Cybersecurity analyst positions typically require a bachelor degree. Some also have an advanced degree such as an MBA or an MSIT degree. Government agencies need professionals with expertise in cybersecurity, so this field can be a great fit for those with military experience.
Electricians are responsible for installing and maintaining the power and lighting systems in homes and businesses. They do a lot of interior and exterior work, and may have unconventional hours based on need. As construction projects and updates continue to expand, the need for electricians will grow as well – the BLS projects a 9% growth rate by 2026. On average, electricians earn $52,720 annually.
Through apprenticeships, most electricians learn the skills needed, but some choose to attend technical school. A license may also be required.
Heavy and Tractor-Trailer Truck Driver
As a truck driver, expect to pull in around $41,340 yearly. Truck drivers move goods and supplies across the country.
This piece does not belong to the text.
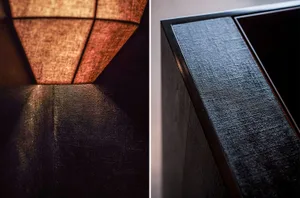 A dimly lit dining room with a wooden floor, a black table, a lamp, and comfortable seating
Many drivers are away from home for weeks at a time, but the occupation is predicted to grow by 6% by 2026 as supply chains continue to grow and evolve.
To become a heavy and tractor-trailer driver, a high school diploma is usually required as well as attending a professional truck driving school. Additionally, drivers need to have a commercial driver’s license.
Aircraft and Avionics Technician
As an aircraft technician, the main responsibility is to repair aircraft and keep up to date on all scheduled maintenance. This area is expected to grow 5% by 2026, as there will be needs to replace workers who retire or move to other fields. As of May 2016, they made an average annual salary of $60,170.
These workers are typically asked to learn at a Federal Aviation Administration-approved school, or military training may also be accepted, depending on the employer.